Maka dari itu sudah selakyanya setiap individu warga negara Indonesia berusaha menginternaliasi orientasi berfikir generator citizen ini dengan membiasakan untuk selalu terbuka pada setiap perkembangan informasi yang terjadi walau datang dari berbagai sumber dan sudut pandang yang berbeda (Input yang beragam) dengan tidak cepat percaya dan terpengaruh begitu saja melainkan dikaji terlebih dahulu kebenaran informasi tersebut secara kritis mendalam dan menyeluruh (tidak picik), bila perlu dengan menggunakan panduan berbagai literatur atau pendapat para pakar untuk kmudian memberikan pendapat sendiri hingga memberikan solusi yang inovatif dengan dasar atau landasan yang kuat.
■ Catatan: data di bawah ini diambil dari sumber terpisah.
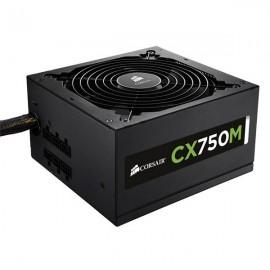 FUENTE DE PODER CORSAIR 750W 80 PLUS BRONZE
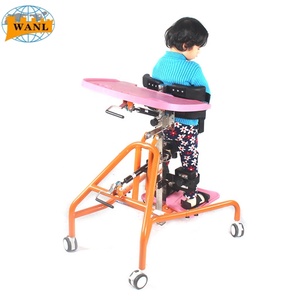 Equipo de Rehabilitación Médica Domiciliaria para Niños Paralizados con Lesiones en las Piernas Causadas por Inclinación - Product Image 5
Melalui oriantasi berfikir generator citizen ini diharapkan setiap warga negara Indonesia menjadi the creative thinking citizen yaitu warga negara yang memiliki kemampuan berfikir untuk selalu berinovasi dan mencari solusi baru dalam menghadapi masalah (Ergo Sum dalam Wuryan dan Syaifullah, 2008: 20). Selain itu melalui oriantasi berfikir generator citizen ini juga diharapkan setiap individu masyarakat Indonesia menjadi warga negara yang baik, yaitu warga negara yang memiliki tiga indikator sebagaimana diungkapkan oleh Wuryan dan Syaifullah (2008: 77) yaitu berwawasan luas atau cerdas (Civic Intelligence) dalam arti cerdas secara moral, cerdas spiritual dan cerdas emosional. Mampu berpartisipasi dalam berbagai aspek kehidupan baik tingkat local, nasional mapaun Internasional (Civic Participation) dan bertanggung jawab atas semua keputusan dan tindakan yang dilakukannya (Civic Responsibilities).